Saturday, January 29 Field Trip Summary: Mission Valley

Group 1, Larry Weeks:

Saturday, January 29th: The January field trip to the Mission Valley ended up being very complicated. When the group assembled at the Cenex in Ronan, there were 25 people and 13 cars. So, I split up the group into 2 separate field trip and I had Alex Kearney lead one and I led the other. The following write up is for Larry’s group. The fog conditions were terrible in the morning which severely limited the birding. We worked our way north from Round Butte Road to Polson and found a few Red-tailed Hawks, 3 Northern Harriers, 3 Great Horned Owls, and a flock of about 50 Common Redpolls. Clancy Cone, who had come down from Dayton, reported that the fog conditions were better at Dayton and north.
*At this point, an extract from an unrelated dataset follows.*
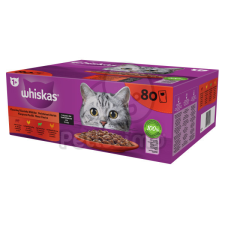  Whiskas klasszikus tasakos eledel válogatás felnőtt macskák számára 80 x 85 g macskaeledel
Therefore, we decided to go to Somers to look for the Snowy Owl. On the way, we stopped at the Dayton Bay on Flathead Lake and had Trumpeter Swans, Redheads, one Canvasback, Hooded and Common Mergansers, Common Goldeneyes, Buffleheads, Mallards, and Ring-billed Gulls. We then stopped at Clancy’s cabin for hot chocolate and lunch. There was a Red-breasted Nuthatch and a Black-capped Chickadee at his bird feeder and a large flock of birds that flew that were most likely Pine Siskins. We then drove to the Somers area, but we were unsuccessful in locating the Snowy Owl along Farm and Manning Roads. Thomas Kallmeyer and the Stierles had already planned to go to Kalispell, so they decided to look for the Long-eared Owl that had been reported at the airport. (They did not see the Long-eared Owl). The remaining participants returned to Polson. The birding conditions had improved, and we had excellent birding on Valley View and Moiese Valley Roads. The highlights included about 25 Red-tailed Hawks, 3 Rough-legged Hawks, 12 Bald Eagles, 5 Great Horned Owls, 2 Prairie Falcons, 2 Northern Harriers, and 1 American Kestrel. Our group ended up with 34 species which included 74 raptors.

Group 2, Alex Kearney

The large number of people who arrived at the Northwest corner of the Adams Center parking lot at the U of M allowed Larry Weeks to ask me for help leading this trip, I agreed. I consider myself a novice birding person, and even less than a novice leading a field trip. Anxiety had set in enroute, compounded by the weather upon arrival which was overcast, visibility of 100ft(+/- 5ft), and the visual experience of ice needles resembling an old man’s beard covering everything, everything that is that could be seen. Without any preparation I was able to determine a direction into the frozen Mission Valley in search for raptors. What I discovered to be really helpful was, to search for birds as though I were doing this solo. The anxiety began to lift but not the fog, poor visibility remained. The birding was very difficult but as we continued moving, I was able to hatch a plan. Shortly, both the weather and the birding began to cooperate, Great Horned Owls began flying across the road. Bald Eagles were seemingly gathering in anticipation of our arrival. Pileated Woodpecker’s were scurrying for cover as a Sharp-shinned Hawk was in pursuit. Eventually, visibility improved. The buteo’s, both Red-tailed Hawks and Rough-legged Hawks began to remain perched long enough to position a scope, to help determine either morph and/or subspecies. The American Tree Sparrows, Common Redpolls, and Horned Larks appeared in very large numbers, and we cannot forget the Cedar Waxwings, American Robins, and Townsend Solitaire’s who were seemingly cheering us on. The Black- capped Chickadees choose to remain visually anonymous, but their calls were distinctive. Northern Shrikes appeared but much further down the road from all this activity in the junipers. The Prairie Falcon and American Kestrel remained content on their utility poles as we passed. These where just some of the birds that come to mind for this raptor field trip to the Mission Valley. I would like to thank Larry Weeks for asking me to help him, and I would also like to thank all the participants who came with. I had a great day! We had 29 species, which does not include a possible Golden Eagle, with a total of 101 raptors.